**Description of the task**
Copy the lines running from the one that contains "Kadi Wadi Rum - - 1" to the end of the entries below, exactly and with no pictures.

**Provided records**

--

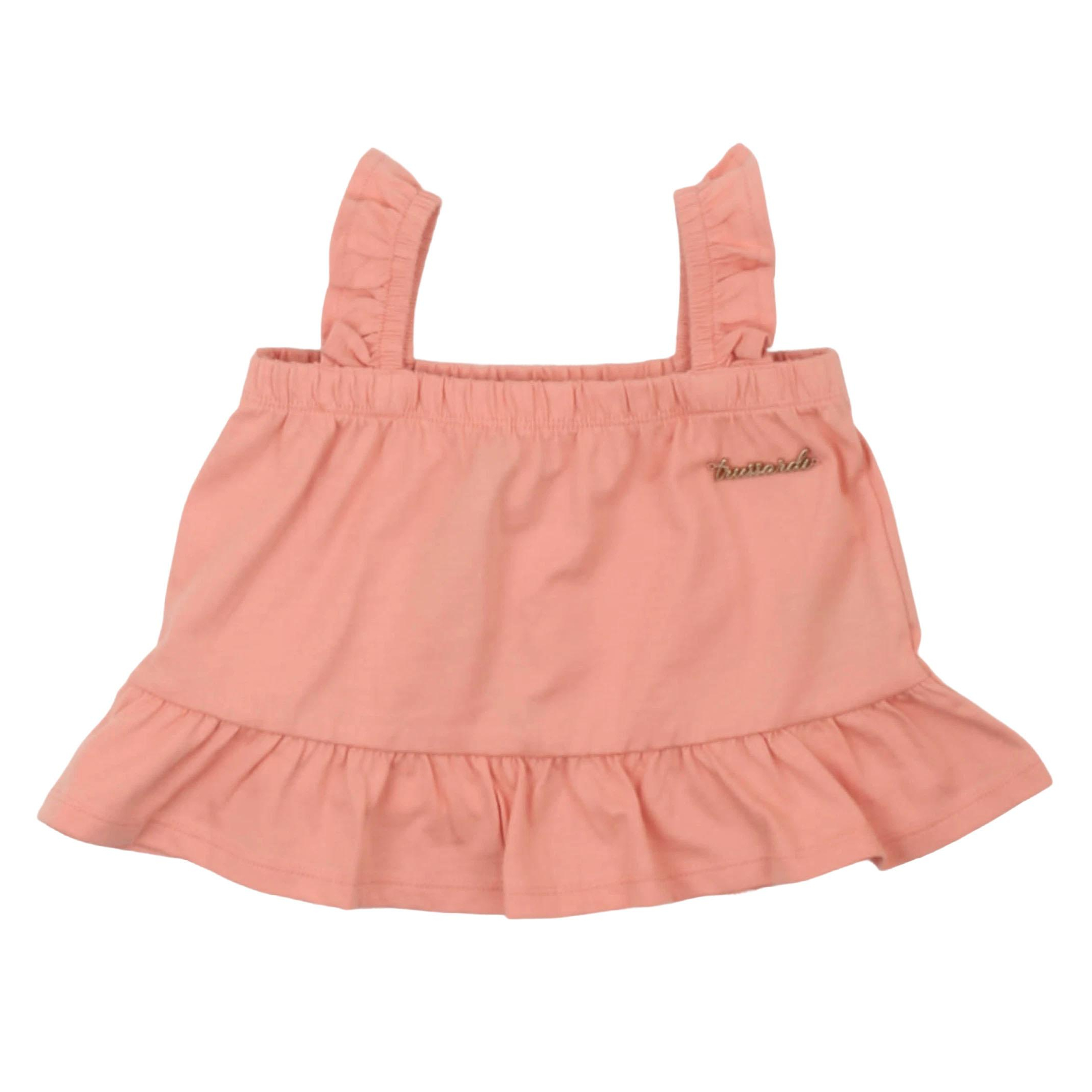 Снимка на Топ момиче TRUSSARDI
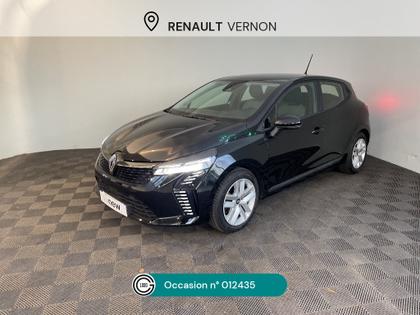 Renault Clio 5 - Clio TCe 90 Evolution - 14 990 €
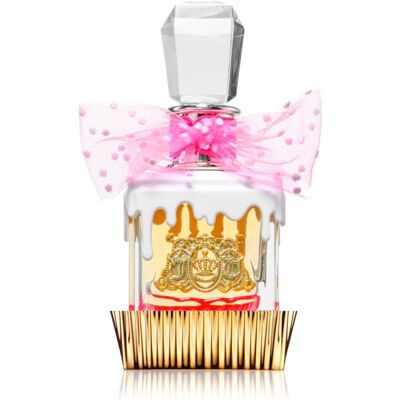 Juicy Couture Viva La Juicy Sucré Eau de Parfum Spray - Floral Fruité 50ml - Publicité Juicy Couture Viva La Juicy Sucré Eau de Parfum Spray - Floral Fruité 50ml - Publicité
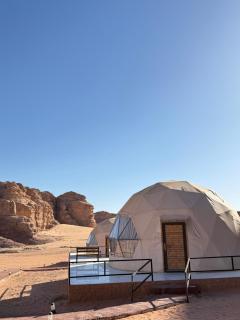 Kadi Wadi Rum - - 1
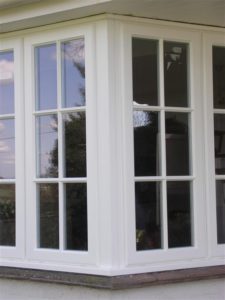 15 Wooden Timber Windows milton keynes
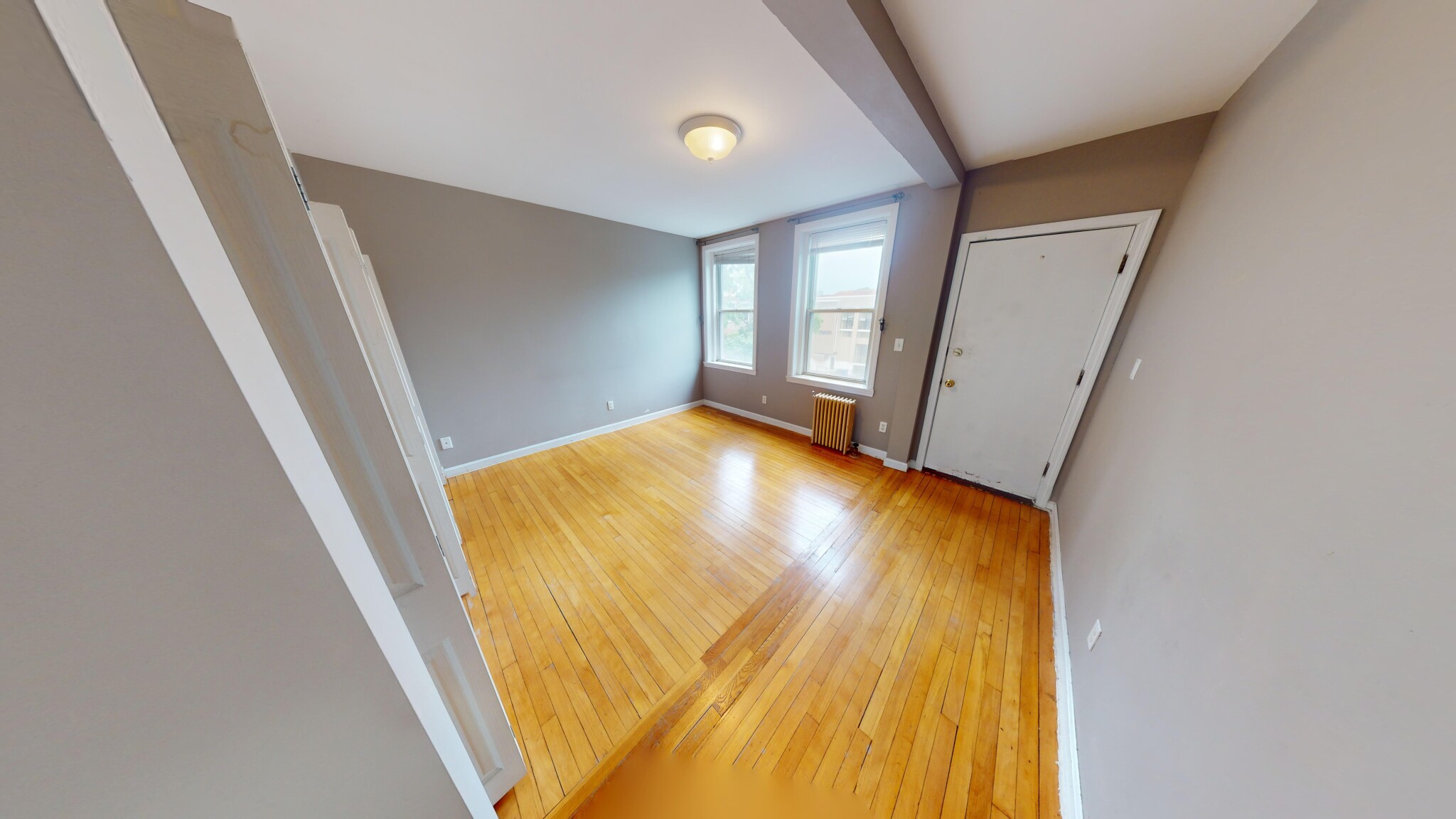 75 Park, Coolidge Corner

--

**Answer**
 Kadi Wadi Rum - - 1
 15 Wooden Timber Windows milton keynes
 75 Park, Coolidge Corner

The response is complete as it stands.